[Items listed in a dataset]
^^^^

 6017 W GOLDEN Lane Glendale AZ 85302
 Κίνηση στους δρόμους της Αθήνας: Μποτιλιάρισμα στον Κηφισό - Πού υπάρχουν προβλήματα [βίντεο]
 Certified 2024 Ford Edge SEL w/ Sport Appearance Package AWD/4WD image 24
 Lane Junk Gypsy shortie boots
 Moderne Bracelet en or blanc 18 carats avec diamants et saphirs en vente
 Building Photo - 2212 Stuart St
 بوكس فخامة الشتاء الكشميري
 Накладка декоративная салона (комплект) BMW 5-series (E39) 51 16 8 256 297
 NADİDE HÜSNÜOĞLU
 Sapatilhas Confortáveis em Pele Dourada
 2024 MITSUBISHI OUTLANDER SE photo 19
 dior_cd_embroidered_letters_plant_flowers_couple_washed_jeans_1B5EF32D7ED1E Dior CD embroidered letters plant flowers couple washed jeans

^^^^

This exercise requires an exact copy of all the records.

Output of the task
 6017 W GOLDEN Lane Glendale AZ 85302
 Κίνηση στους δρόμους της Αθήνας: Μποτιλιάρισμα στον Κηφισό - Πού υπάρχουν προβλήματα [βίντεο]
 Certified 2024 Ford Edge SEL w/ Sport Appearance Package AWD/4WD image 24
 Lane Junk Gypsy shortie boots
 Moderne Bracelet en or blanc 18 carats avec diamants et saphirs en vente
 Building Photo - 2212 Stuart St
 بوكس فخامة الشتاء الكشميري
 Накладка декоративная салона (комплект) BMW 5-series (E39) 51 16 8 256 297
 NADİDE HÜSNÜOĞLU
 Sapatilhas Confortáveis em Pele Dourada
 2024 MITSUBISHI OUTLANDER SE photo 19
 dior_cd_embroidered_letters_plant_flowers_couple_washed_jeans_1B5EF32D7ED1E Dior CD embroidered letters plant flowers couple washed jeans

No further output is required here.